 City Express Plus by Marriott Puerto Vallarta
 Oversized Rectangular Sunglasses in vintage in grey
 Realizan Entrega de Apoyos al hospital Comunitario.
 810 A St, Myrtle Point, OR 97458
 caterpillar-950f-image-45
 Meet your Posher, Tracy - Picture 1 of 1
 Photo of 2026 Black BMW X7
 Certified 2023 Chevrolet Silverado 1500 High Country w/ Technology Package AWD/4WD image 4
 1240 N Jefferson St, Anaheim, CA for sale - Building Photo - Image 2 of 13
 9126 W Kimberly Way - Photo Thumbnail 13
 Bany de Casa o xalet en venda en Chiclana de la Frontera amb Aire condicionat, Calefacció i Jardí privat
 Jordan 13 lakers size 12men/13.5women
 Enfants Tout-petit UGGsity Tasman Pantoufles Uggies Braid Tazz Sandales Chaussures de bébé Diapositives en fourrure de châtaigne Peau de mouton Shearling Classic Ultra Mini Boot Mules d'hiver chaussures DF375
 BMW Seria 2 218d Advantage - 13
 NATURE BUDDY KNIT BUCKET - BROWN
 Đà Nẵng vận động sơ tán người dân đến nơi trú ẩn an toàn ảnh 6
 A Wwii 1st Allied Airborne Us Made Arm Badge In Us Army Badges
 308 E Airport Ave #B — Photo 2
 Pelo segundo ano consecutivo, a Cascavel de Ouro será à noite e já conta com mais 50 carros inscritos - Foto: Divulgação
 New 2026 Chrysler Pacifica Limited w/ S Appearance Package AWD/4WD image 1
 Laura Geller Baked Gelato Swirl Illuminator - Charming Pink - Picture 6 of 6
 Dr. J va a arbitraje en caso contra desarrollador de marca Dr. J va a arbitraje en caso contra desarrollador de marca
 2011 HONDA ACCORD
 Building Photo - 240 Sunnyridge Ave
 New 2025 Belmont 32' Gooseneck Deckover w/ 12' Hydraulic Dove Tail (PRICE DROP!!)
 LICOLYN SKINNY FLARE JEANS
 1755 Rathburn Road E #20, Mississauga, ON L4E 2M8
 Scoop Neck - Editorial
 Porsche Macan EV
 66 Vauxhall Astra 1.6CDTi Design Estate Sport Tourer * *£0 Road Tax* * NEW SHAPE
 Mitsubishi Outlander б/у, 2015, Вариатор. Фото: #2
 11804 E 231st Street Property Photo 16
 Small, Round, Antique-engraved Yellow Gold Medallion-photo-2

### [Exercise]
Reproduce the data in full, precisely as given.

### [Problem solution]
 City Express Plus by Marriott Puerto Vallarta
 Oversized Rectangular Sunglasses in vintage in grey
 Realizan Entrega de Apoyos al hospital Comunitario.
 810 A St, Myrtle Point, OR 97458
 caterpillar-950f-image-45
 Meet your Posher, Tracy - Picture 1 of 1
 Photo of 2026 Black BMW X7
 Certified 2023 Chevrolet Silverado 1500 High Country w/ Technology Package AWD/4WD image 4
 1240 N Jefferson St, Anaheim, CA for sale - Building Photo - Image 2 of 13
 9126 W Kimberly Way - Photo Thumbnail 13
 Bany de Casa o xalet en venda en Chiclana de la Frontera amb Aire condicionat, Calefacció i Jardí privat
 Jordan 13 lakers size 12men/13.5women
 Enfants Tout-petit UGGsity Tasman Pantoufles Uggies Braid Tazz Sandales Chaussures de bébé Diapositives en fourrure de châtaigne Peau de mouton Shearling Classic Ultra Mini Boot Mules d'hiver chaussures DF375
 BMW Seria 2 218d Advantage - 13
 NATURE BUDDY KNIT BUCKET - BROWN
 Đà Nẵng vận động sơ tán người dân đến nơi trú ẩn an toàn ảnh 6
 A Wwii 1st Allied Airborne Us Made Arm Badge In Us Army Badges
 308 E Airport Ave #B — Photo 2
 Pelo segundo ano consecutivo, a Cascavel de Ouro será à noite e já conta com mais 50 carros inscritos - Foto: Divulgação
 New 2026 Chrysler Pacifica Limited w/ S Appearance Package AWD/4WD image 1
 Laura Geller Baked Gelato Swirl Illuminator - Charming Pink - Picture 6 of 6
 Dr. J va a arbitraje en caso contra desarrollador de marca Dr. J va a arbitraje en caso contra desarrollador de marca
 2011 HONDA ACCORD
 Building Photo - 240 Sunnyridge Ave
 New 2025 Belmont 32' Gooseneck Deckover w/ 12' Hydraulic Dove Tail (PRICE DROP!!)
 LICOLYN SKINNY FLARE JEANS
 1755 Rathburn Road E #20, Mississauga, ON L4E 2M8
 Scoop Neck - Editorial
 Porsche Macan EV
 66 Vauxhall Astra 1.6CDTi Design Estate Sport Tourer * *£0 Road Tax* * NEW SHAPE
 Mitsubishi Outlander б/у, 2015, Вариатор. Фото: #2
 11804 E 231st Street Property Photo 16
 Small, Round, Antique-engraved Yellow Gold Medallion-photo-2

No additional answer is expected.